WORK TASK: Taking the entries below, transcribe only the lines starting with the one with "Apartament cu 6 camere decomandat în Central" and going on through the one with "Rhode Island Iggy's", exactly as written, without the pictures.

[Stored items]
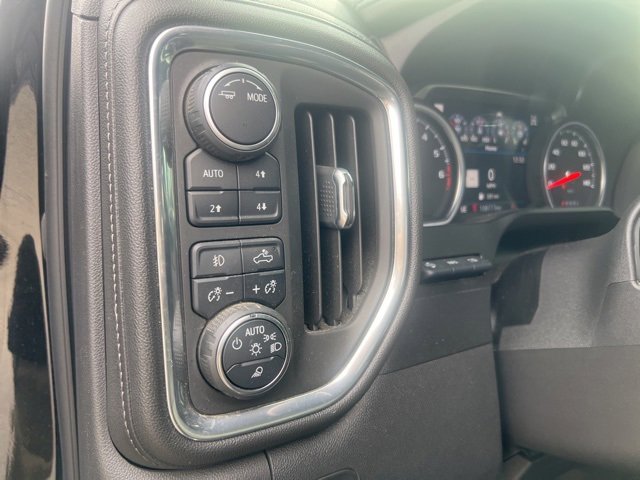 Used 2021 Chevrolet Silverado 1500 High Country w/ Technology Package image 12
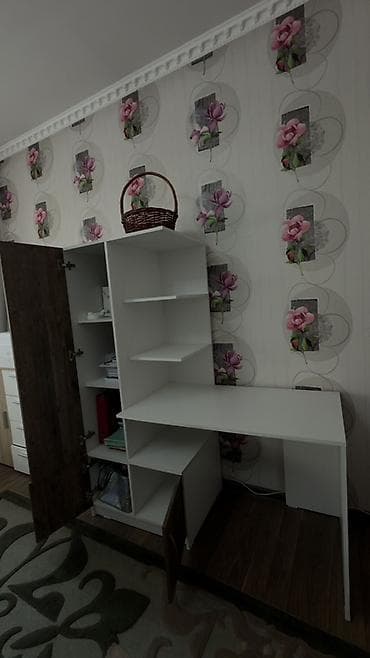 жапыс стол: Компьютердик үстөлү, Текчелери бар — 4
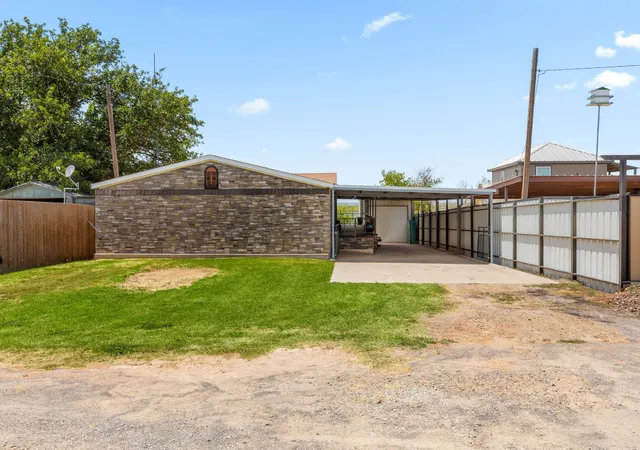 Photo 4 of Single family home for sale at 157 Willingham Loop, Seymour, TX 76380 | MLS# 21293111 | Listing updated on 2026-09-09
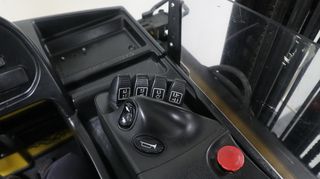 Yale 2014 MR14 REACH TRUCK -thumb-4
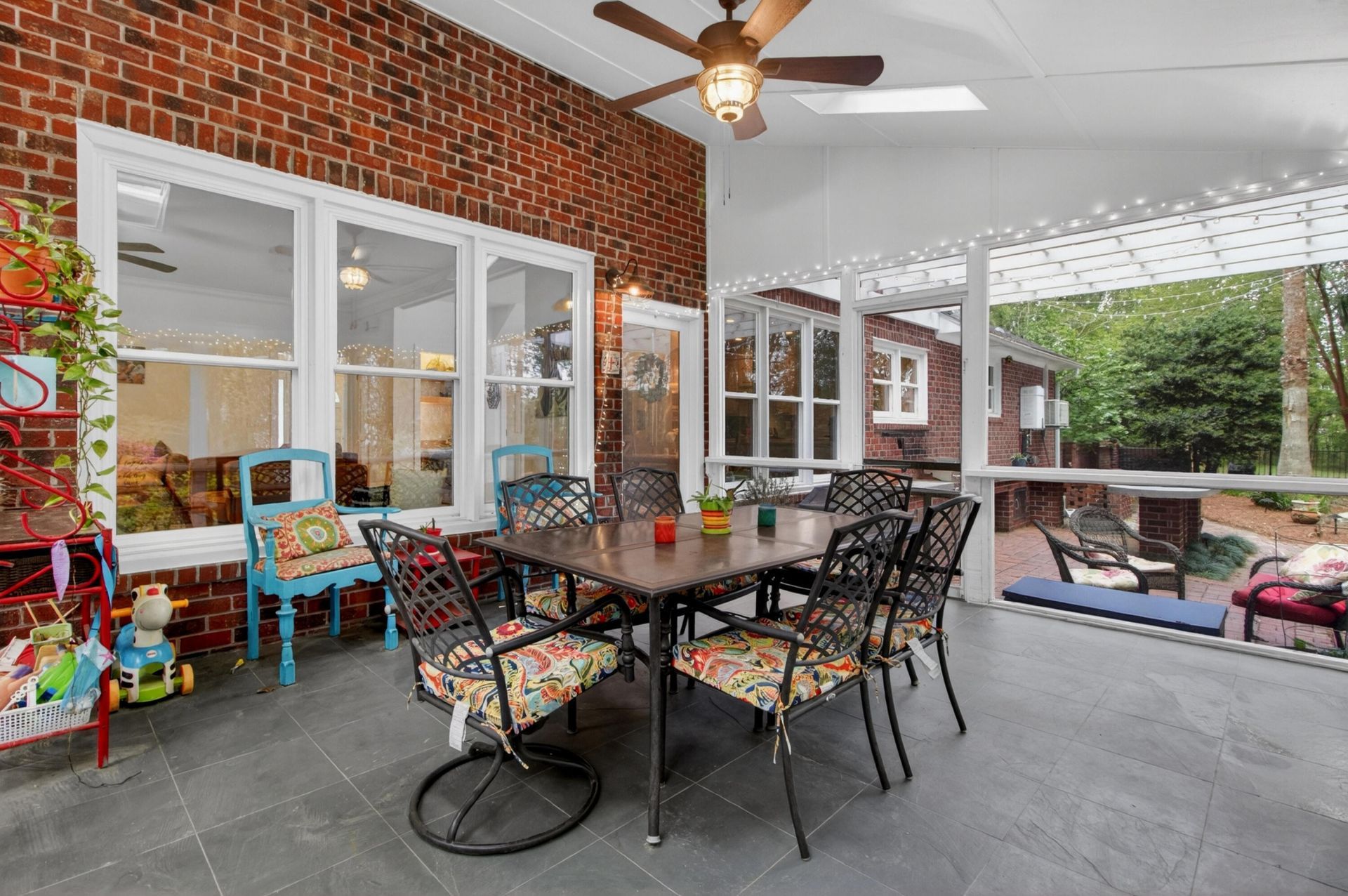 312 E Shepard Photo 12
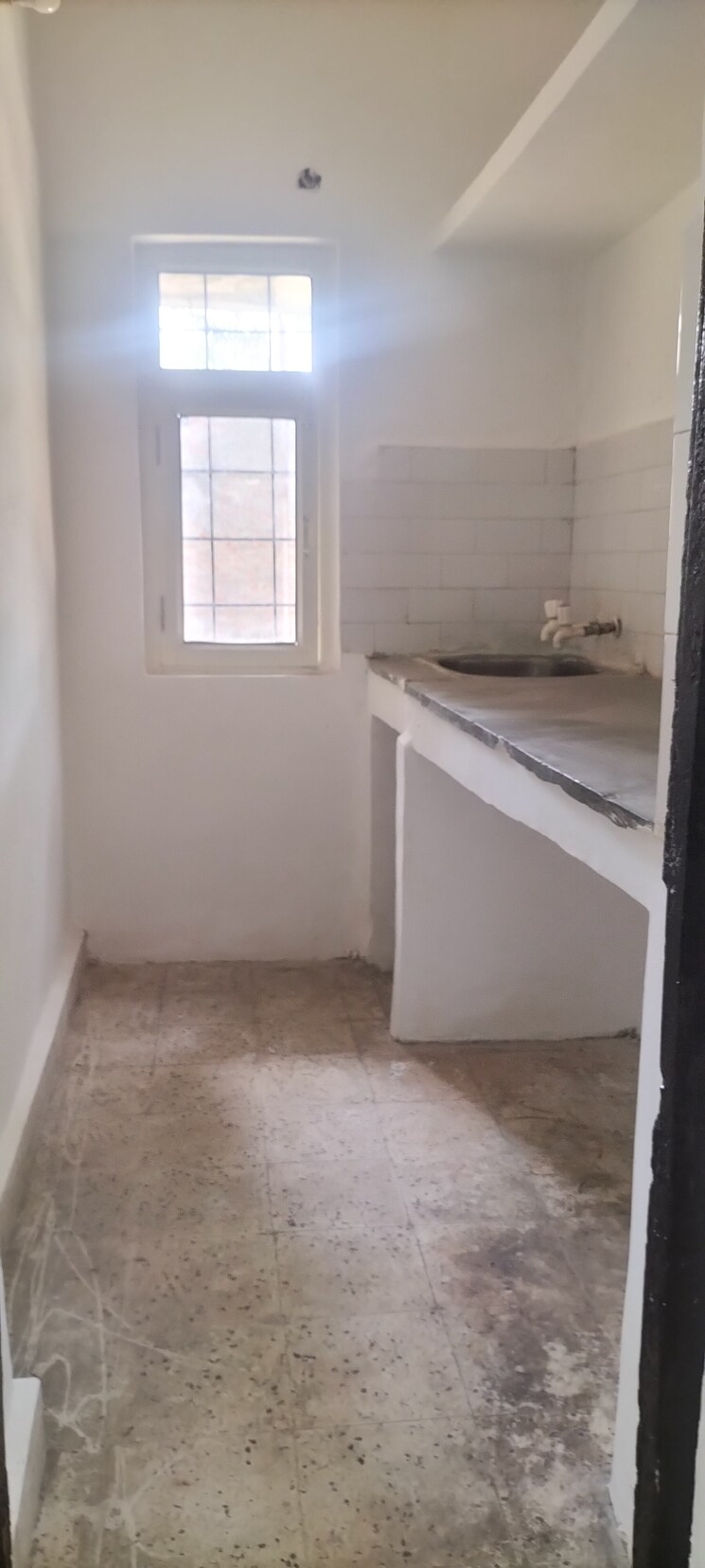 Room, pi i and ii greater noida 1 Bedroom 40 Sq.Mt. Builder Floor In Pi I And Ii Greater Noida Greater Noida 8297136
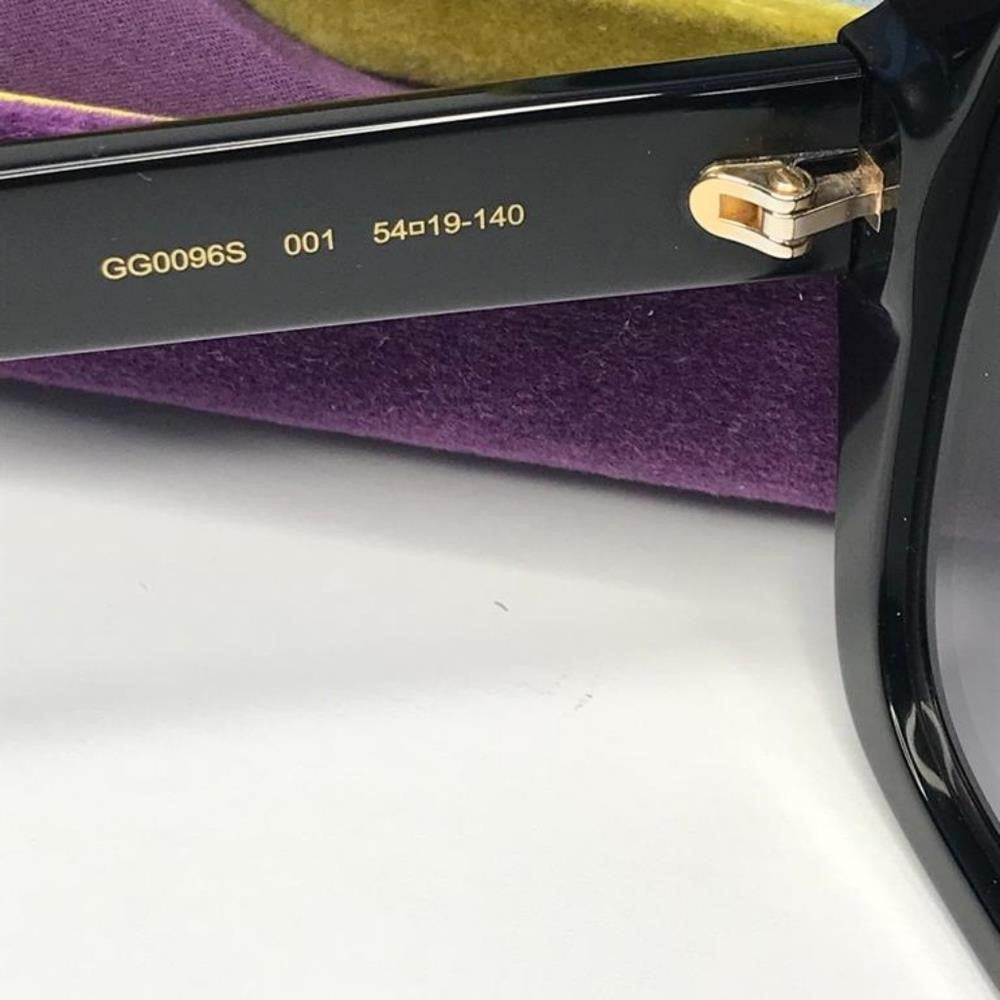 Ship same day- New - 💯 Original  Gucci GG0096S 001 54 Black Square Sunglasses.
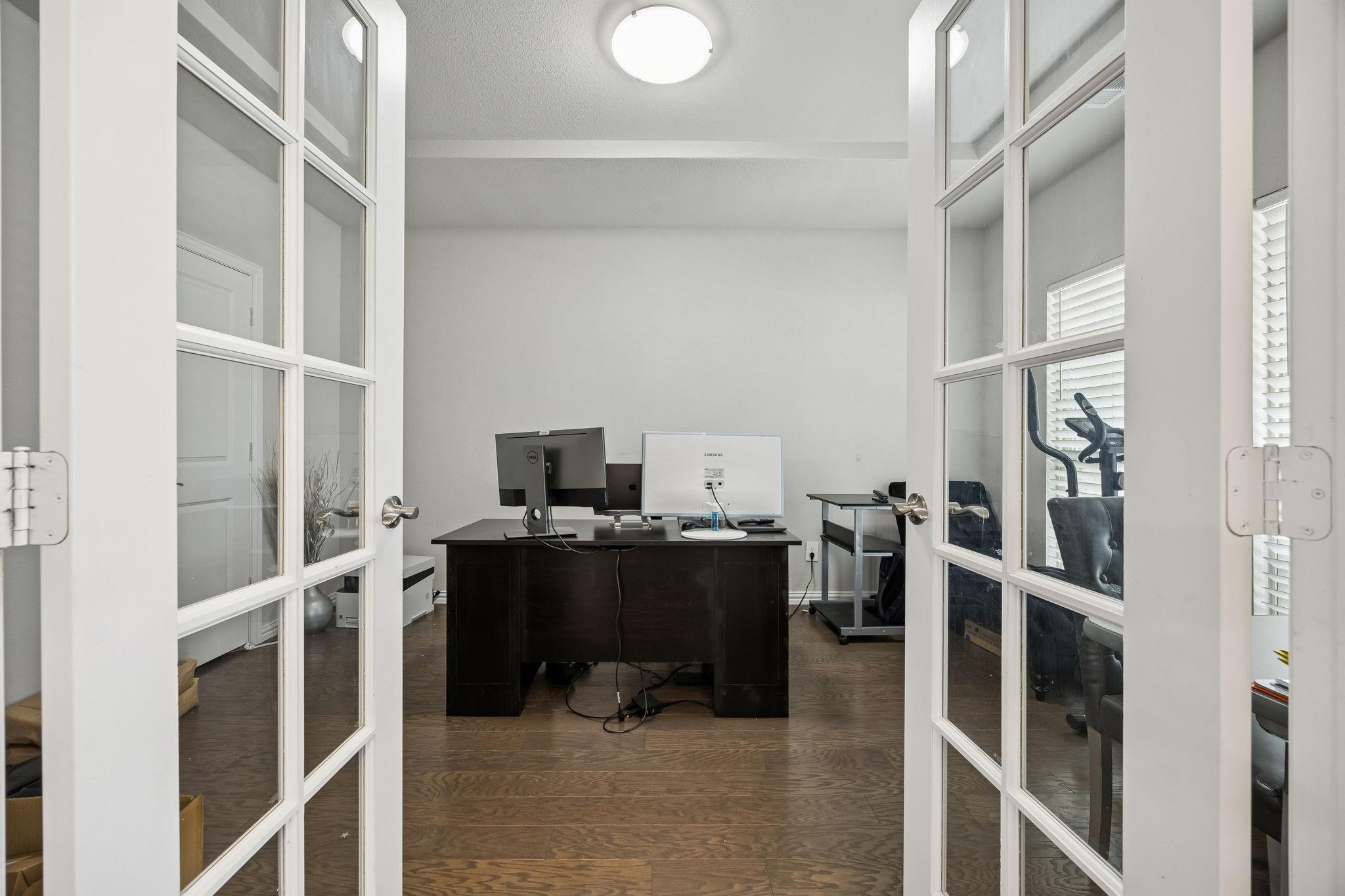 main property photo 18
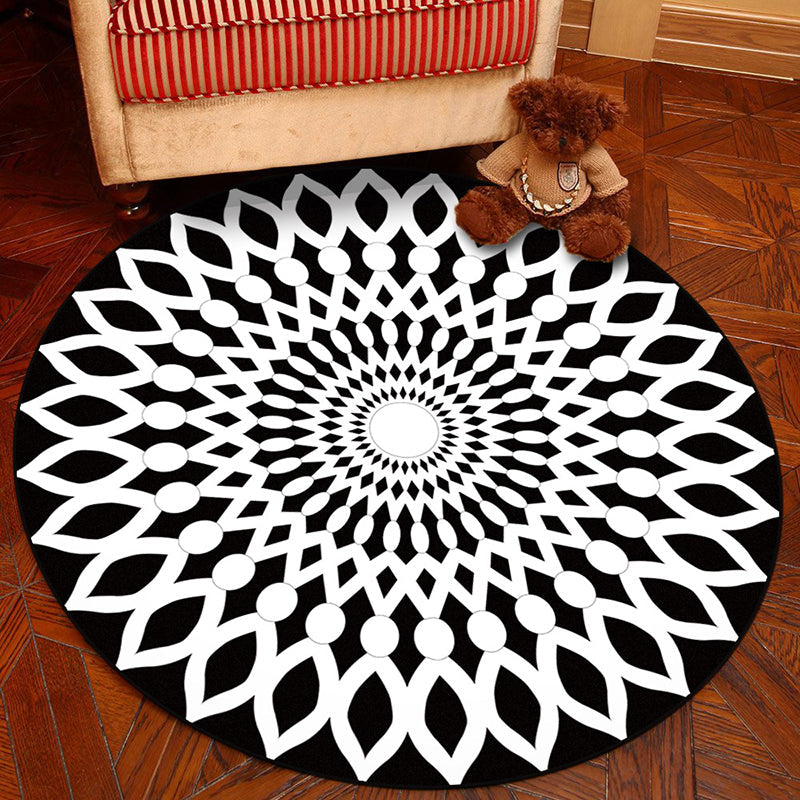 Novelty Geometry Animal Patterned Rug Multi-Colored Synthetics Rug Machine Washable Non-Slip Backing Stain Resistant Carpet for Room Gloss Black Clearhalo 'Area Rug' 'Rug' 2171364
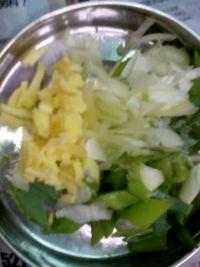 小瓜卤面宝宝吃的做法视频,营养美味，宝宝喜爱的家常面食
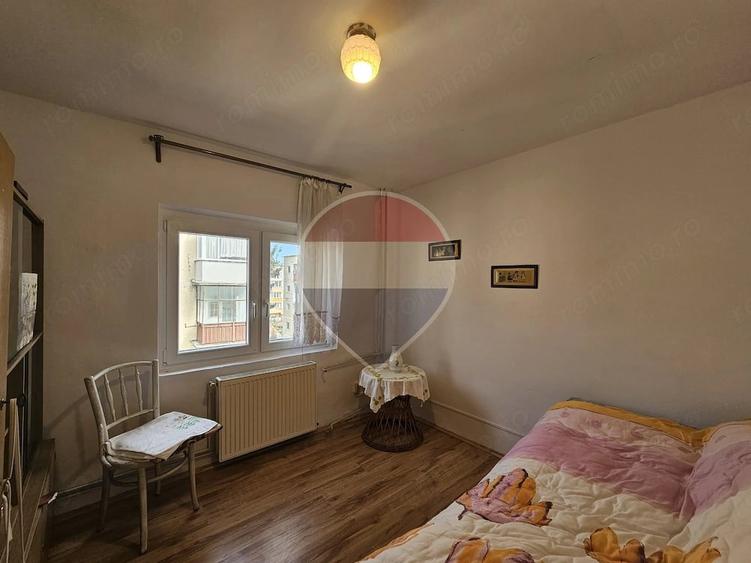 Apartament cu 6 camere decomandat în Central
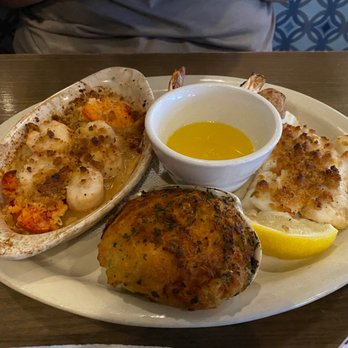 Iggy's Boardwalk - Crab Cakes, Baked Sea Scallops, Baked Stuffed Shrimp - Seafood Near Me - Warwick, Rhode Island Iggy's Boardwalk - Crab Cakes, Baked Sea Scallops, Baked Stuffed Shrimp - Seafood Near Me - Warwick, Rhode Island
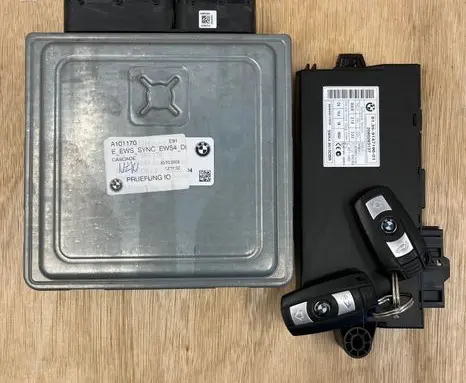 BMW 3 E90 E91 Engine ECU kit and lock set 7595179 595179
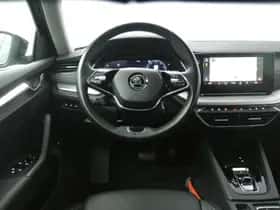 Škoda Octavia (2023) thumbnail 3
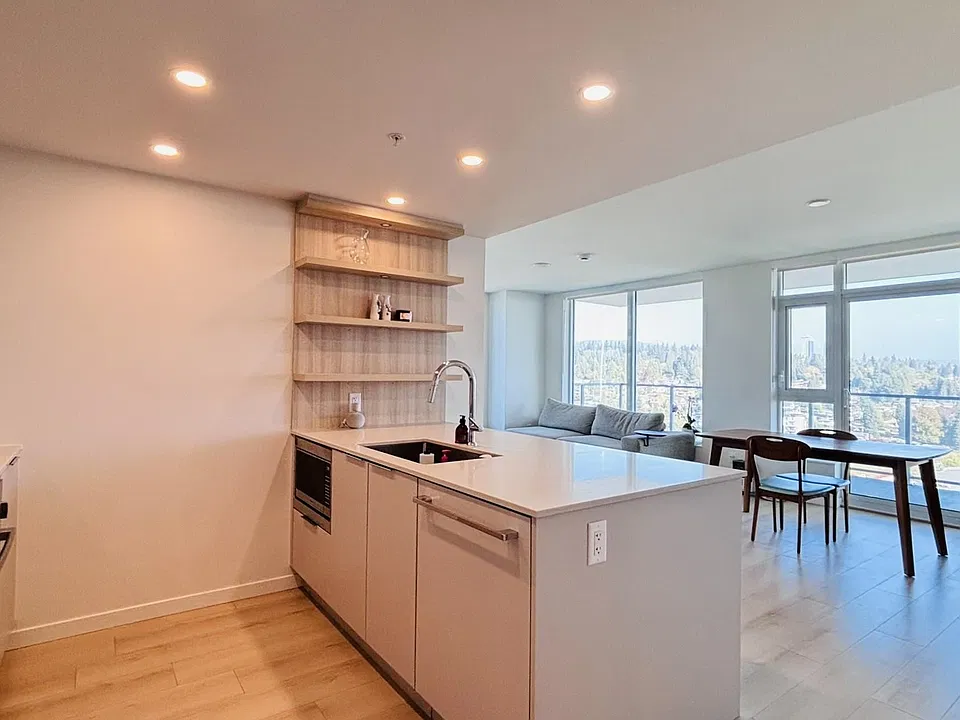 311 Alderson Ave #2303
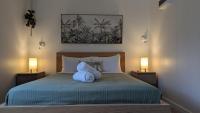Birdwatcher's Oasis - Tiny Home - Cassowary - B&B Kuranda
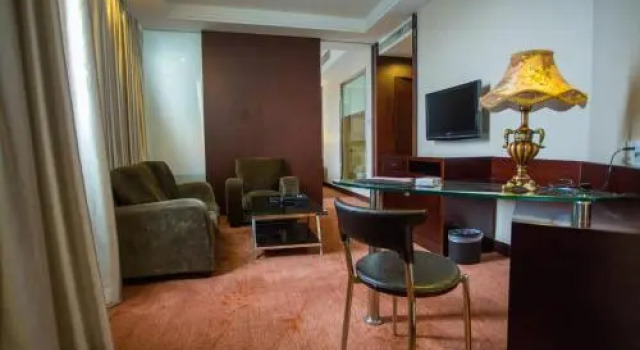 Lake-view Hotel, Rezervasyon Otel Guangdong otoparklı oteller, Otopark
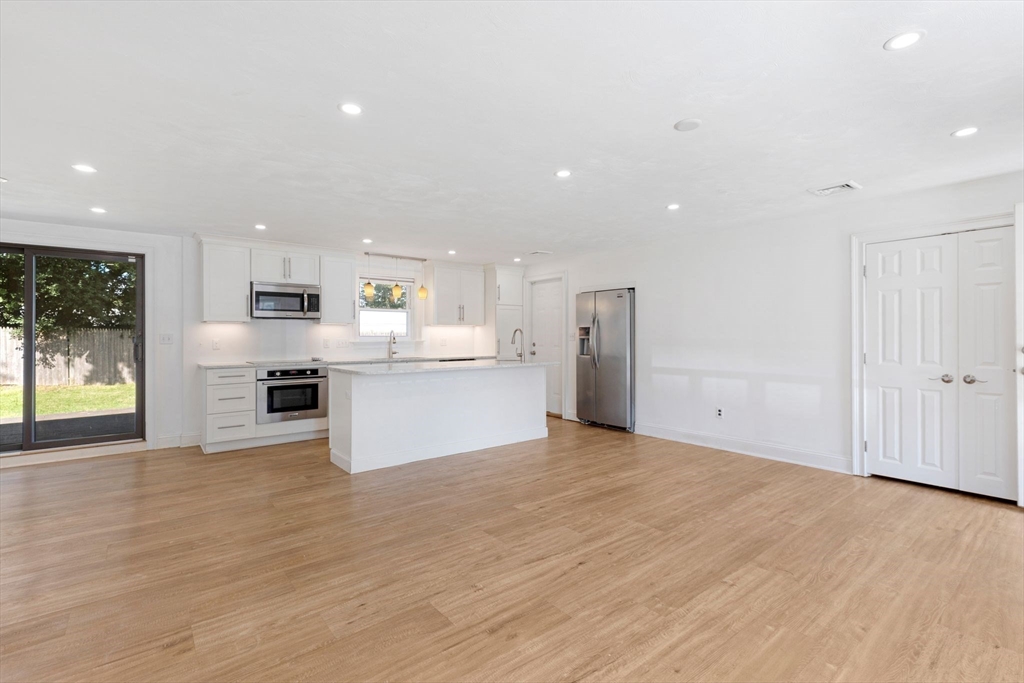 15 Roger Road Holbrook, MA 02343 - Photo 10 of 33 Gallery Image 10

THE COMPLETED TASK:
 Apartament cu 6 camere decomandat în Central
 Iggy's Boardwalk - Crab Cakes, Baked Sea Scallops, Baked Stuffed Shrimp - Seafood Near Me - Warwick, Rhode Island Iggy's Boardwalk - Crab Cakes, Baked Sea Scallops, Baked Stuffed Shrimp - Seafood Near Me - Warwick, Rhode Island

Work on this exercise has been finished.